**TASK OBJECTIVE:**
Please return the full listing word for word, leaving out any pictures.

**DATA SECTION:**
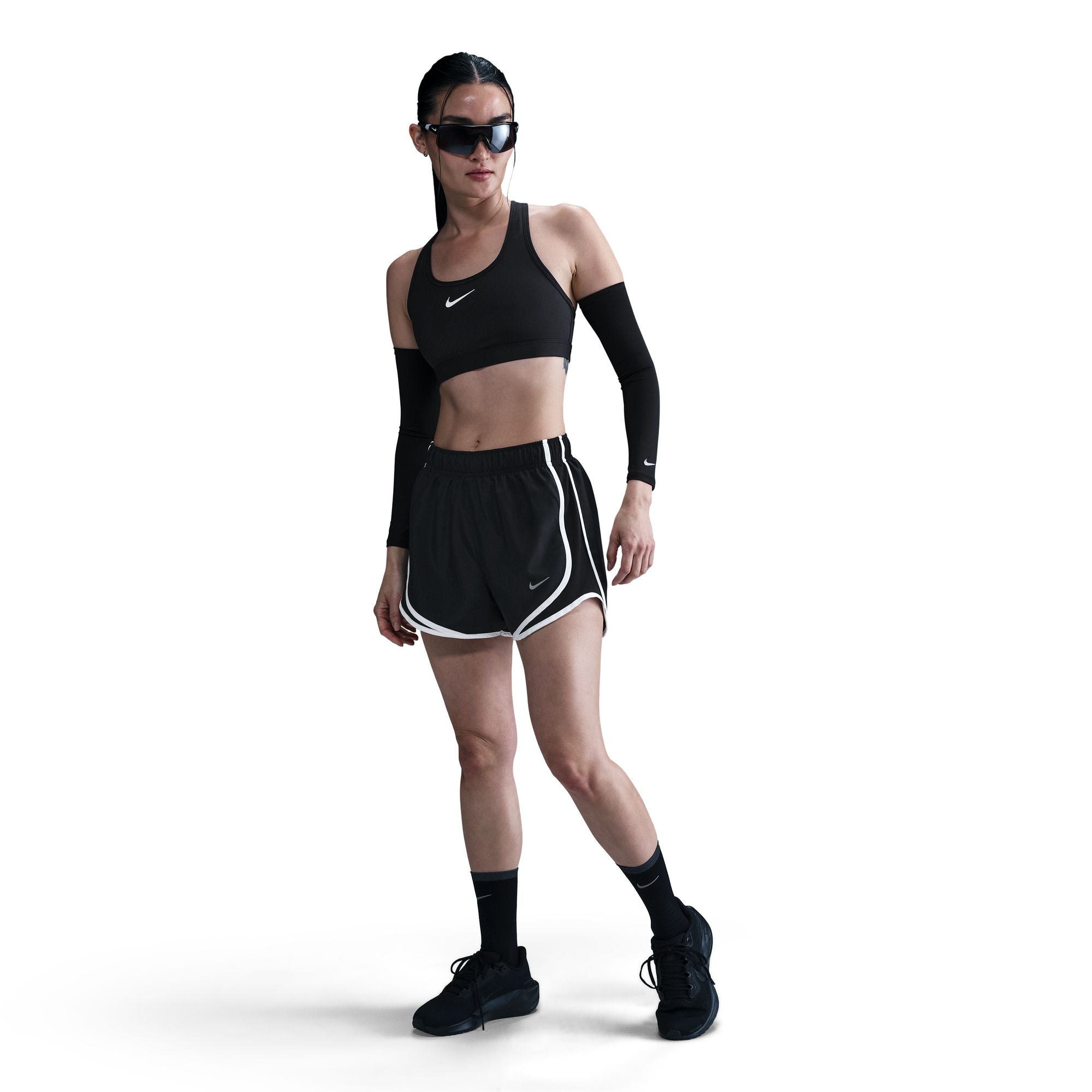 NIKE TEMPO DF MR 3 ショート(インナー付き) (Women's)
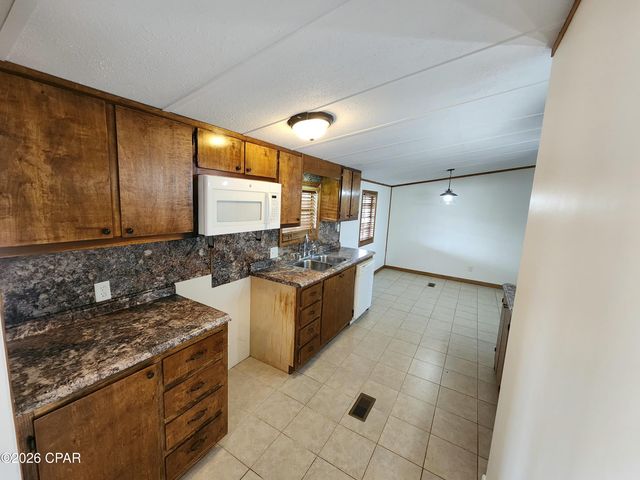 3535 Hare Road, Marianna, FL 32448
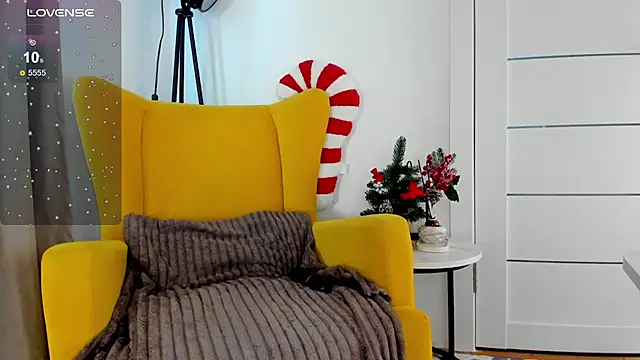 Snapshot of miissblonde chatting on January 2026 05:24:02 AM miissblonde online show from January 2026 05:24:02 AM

**THE COMPLETED TASK:**
 NIKE TEMPO DF MR 3 ショート(インナー付き) (Women's)
 3535 Hare Road, Marianna, FL 32448
 Snapshot of miissblonde chatting on January 2026 05:24:02 AM miissblonde online show from January 2026 05:24:02 AM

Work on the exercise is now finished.